Giesel, K., Hofmann, S., Thiemann, T., & Winkler, O. (2010). Manifestly Gauge-Invariant
General Relativistic Perturbation Theory: I. Foundations.* Classical and quantum gravity,*
*27*(5): 055005. doi:10.1088/0264-9381/27/5/055005.

Cite as: https://hdl.handle.net/11858/00-001M-0000-0013-5FE0-D

##### Abstract

Linear cosmological perturbation theory is pivotal to a theoretical understanding of current cosmological experimental data provided e.g. by cosmic microwave anisotropy probes. A key issue in that theory is to extract the gauge invariant degrees of freedom which allow unambiguous comparison between theory and experiment. When one goes beyond first (linear) order, the task of writing the Einstein equations expanded to n'th order in terms of quantities that are gauge invariant up to terms of higher orders becomes highly non-trivial and cumbersome.

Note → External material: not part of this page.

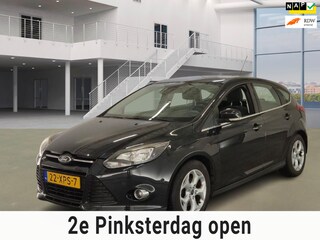 Ford Focus 1.0 EcoBoost Lease Titanium|NAVI|DODEHOEKSENSR|KEYLLES|BORDENHERKENING|CRUISE|LINEASSIST|PARKASIST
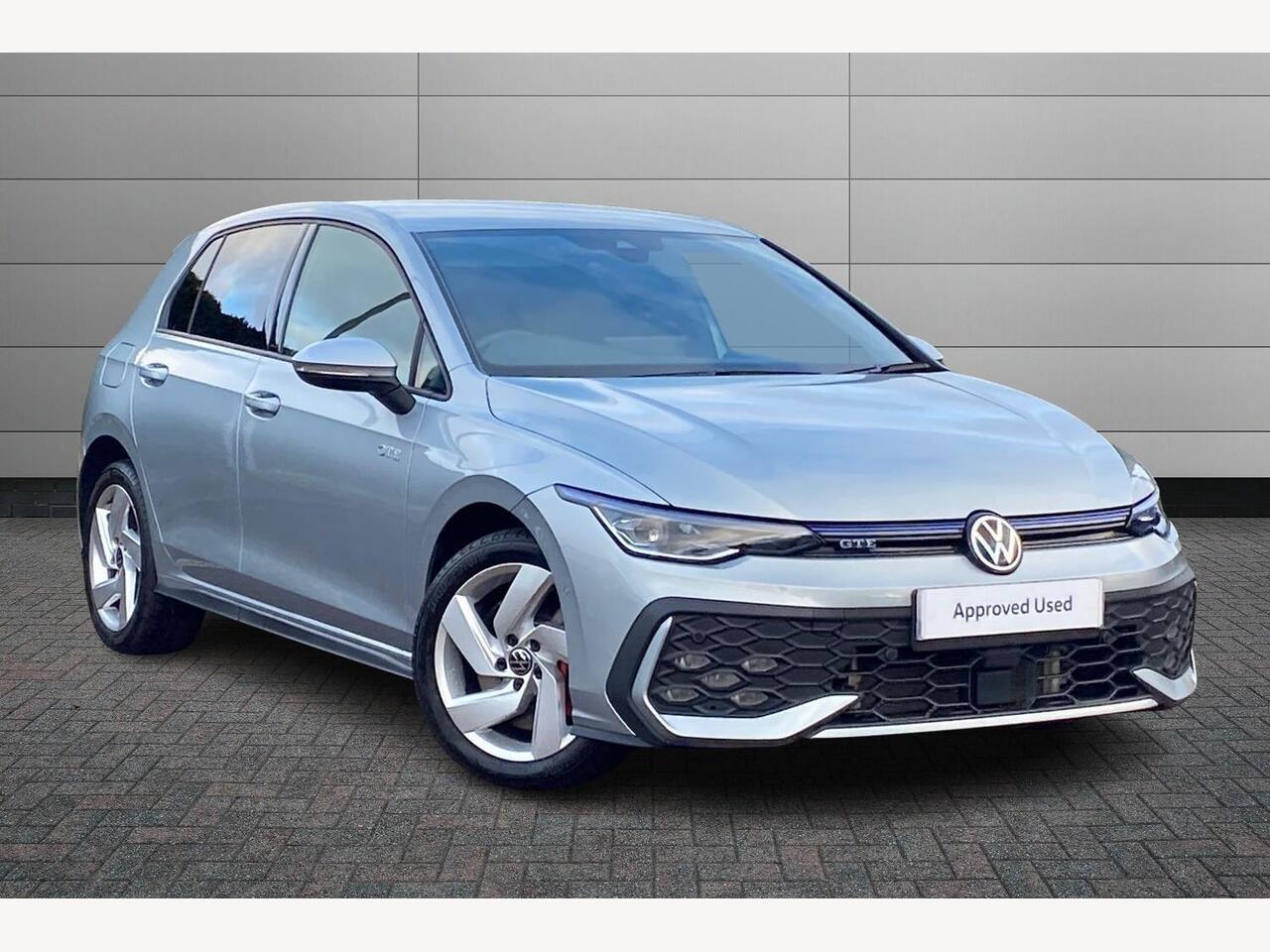Main listing image - Volkswagen Golf GTE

This fact has prevented progress for instance on the issue of the stability of linear perturbation theory and is a subject of current debate in the literature. In this series of papers we circumvent these difficulties by passing to a manifestly gauge invariant framework. In other words, we only perturb gauge invariant, i.e. measurable quantities, rather than gauge variant ones. Thus, gauge invariance is preserved non perturbatively while we construct the perturbation theory for the equations of motion for the gauge invariant observables to all orders. In this first paper we develop the general framework which is based on a seminal paper due to Brown and Kuchar as well as the realtional formalism due to Rovelli. In the second, companion, paper we apply our general theory to FRW cosmologies and derive the deviations from the standard treatment in linear order. As it turns out, these deviations are negligible in the late universe, thus our theory is in agreement with the standard treatment. However, the real strength of our formalism is that it admits a straightforward and unambiguous, gauge invariant generalisation to higher orders. This will also allow us to settle the stability issue in a future publication.